A cultura é um pacote. Em princípio você poderia conseguir separar valores em torno de como tratar empregados dos valores de eficiência operacional. Mas isso não é a vida real. A vida real é um emaranhado de normas, valores, afetos, sentimentos de como as pessoas trabalham juntas. Temos quase 60 histórias no livro, e não são mudanças feitas com pincel e bisturi; são mudanças de machado. Temos que ir de local para global, de top down para bottom up. São mudanças mais absolutas, mais dramáticas.
Se por ser racional você entender sempre maximizar o retorno, estar totalmente informado, essas coisas, então a resposta é não.

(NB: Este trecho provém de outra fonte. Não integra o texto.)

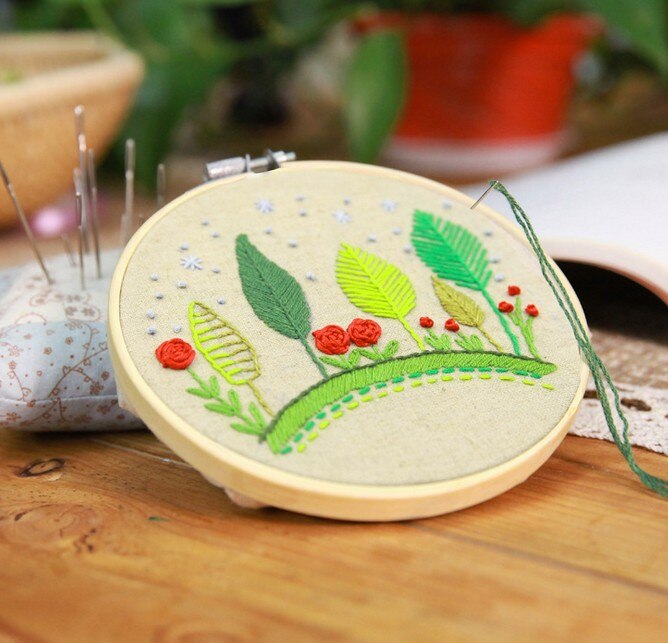 15cm Flower plant Ribbon embroidery kit small multi pictures stamped canvas fabric embroidery needlework home decoration: A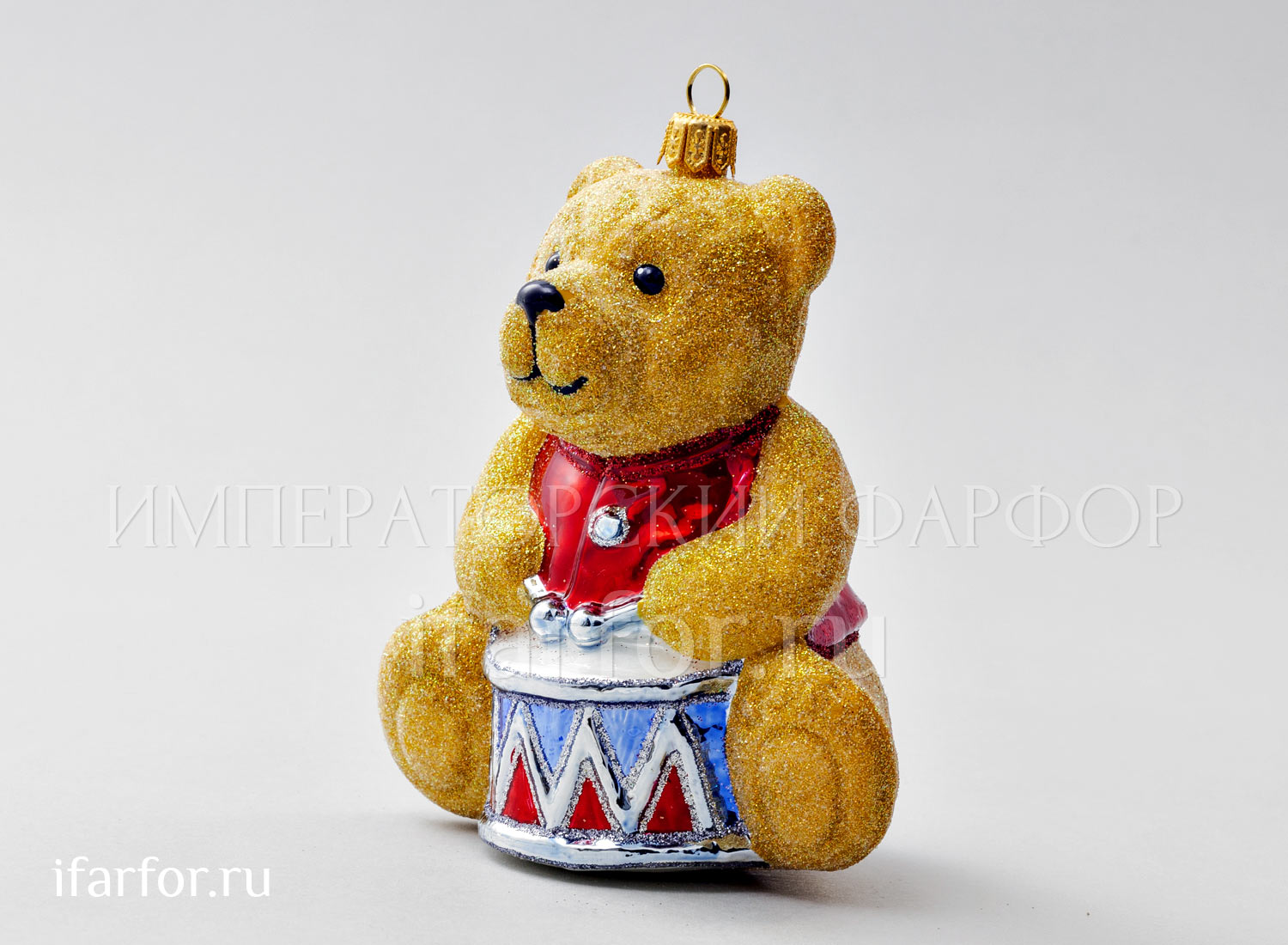 Елочная игрушка «Мишка Тедди. Мишка Тедди с барабаном» Стекло. 125 мм.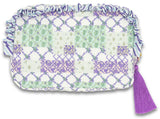 Quilted Cosmetic Bag With Ruffle - Travel Case - Makeup - S26 - Simply Southern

Mas se por racional você entender um gestor que proativamente muda sua cultura, a resposta é sim.
Tem muita coisa acontecendo numa empresa em qualquer dado momento. E um monte delas não está na direção da cultura que você quer. É por isso que o esforço tem que vir de cima — do chefe da divisão, do CEO, do reitor da universidade…Eles se engajam em atividades que os outros observam e essas observações depois viram histórias que são compartilhadas pela organização.

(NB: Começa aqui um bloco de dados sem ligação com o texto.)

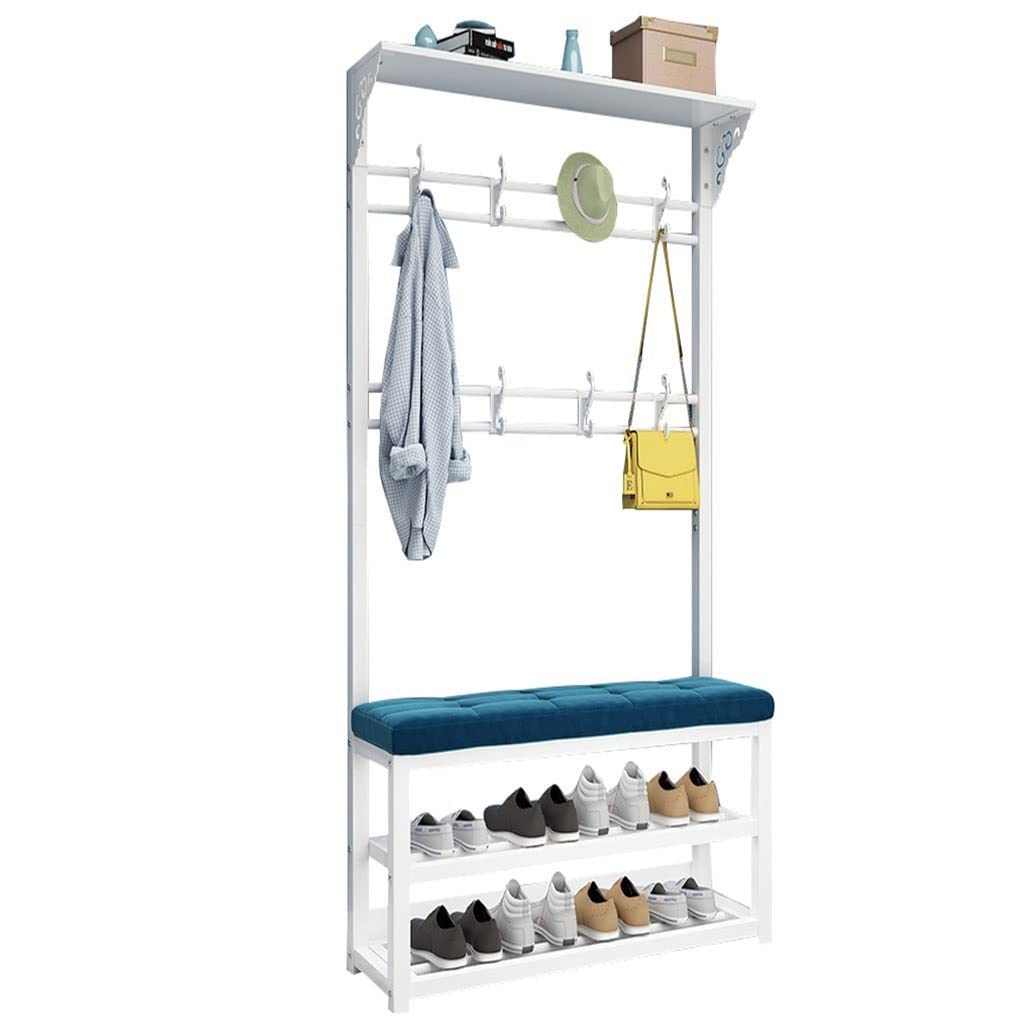 LWJSOCP Freestanding Coat Rack with Storage Bench Heavy-Duty Hall Tree & Shoe nizer 8 Hooks for Entryway Mudroom & Hallway Stylish Steel Coat Hanger Stand for Home Décor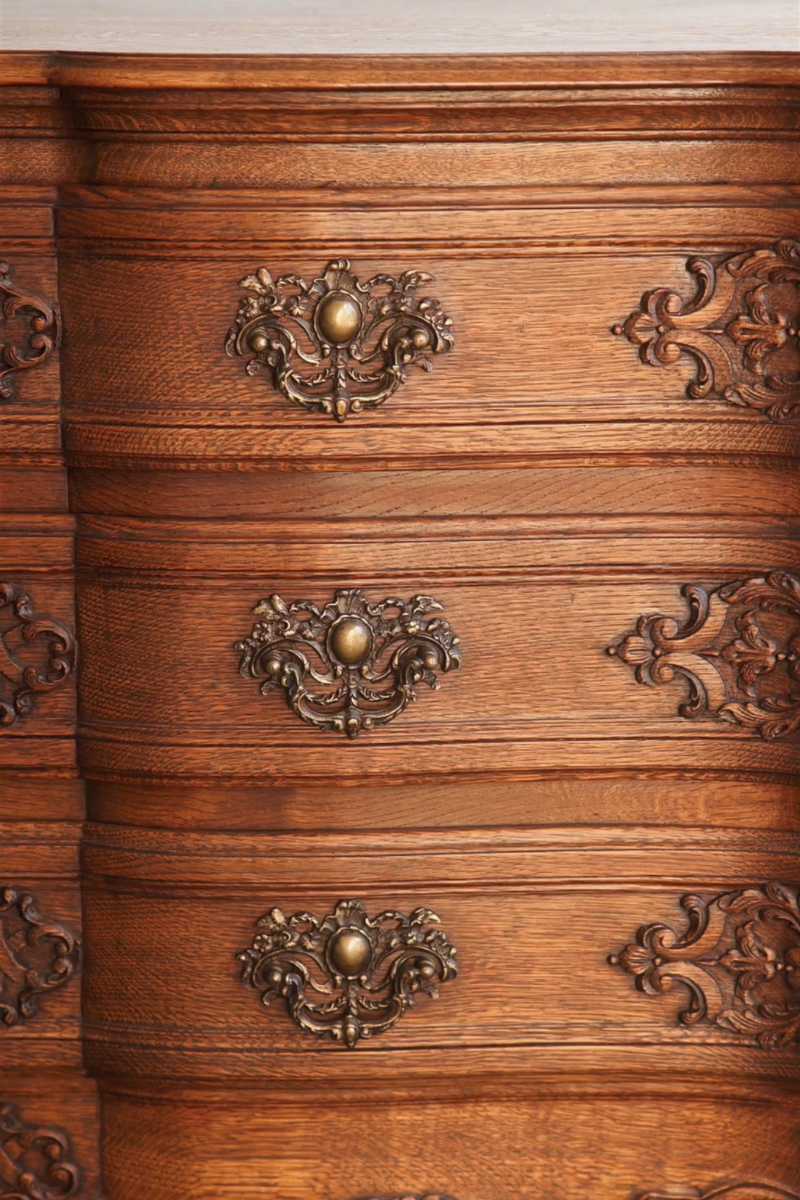 19th Century French Provincial Carved Oak Serpentine Commode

Mas o primeiro passo é a autenticidade. Os líderes têm que entender quais valores têm. Se você conclui que a sua organização precisa ser menos avessa ao risco, mas você não é, não vai funcionar.
Nossa conclusão é bem radical: às vezes você não é a pessoa adequada para promover a mudança. E você pode ter pessoas que sempre foram leais a você e à empresa, que geraram um valor incrível ao longo do tempo… mas que não são adequadas à cultura que precisa ser montada. Se elas não estão dispostas a mudar, você talvez tenha que as demitir.
Nós temos zero exemplo em que a mudança começou com o CEO dizendo que ia mudar a cultura. É bobagem. Conversa fiada. O que você faz é começar a se comportar de um modo muito diferente do usual, e consistente com a cultura que você quer implantar. Isso confunde as pessoas por um tempo, depois elas começam a entender o sentido.
O modelo-padrão da implementação de uma mudança cultural é: vamos reorganizar a estrutura, mudar os incentivos, mudar como medimos o desempenho, quem contratamos, como os treinamos…
Nossa pesquisa mostra: não há nenhum exemplo em que a mudança de políticas de RH tenha levado a mudança de cultura. Você muda a cultura substituindo as histórias que sustentavam a cultura antiga por histórias que sustentam a nova cultura. Depois que você faz isso, com o tempo surge uma tensão entre a nova cultura e as velhas políticas de RH. É aí que você muda as políticas.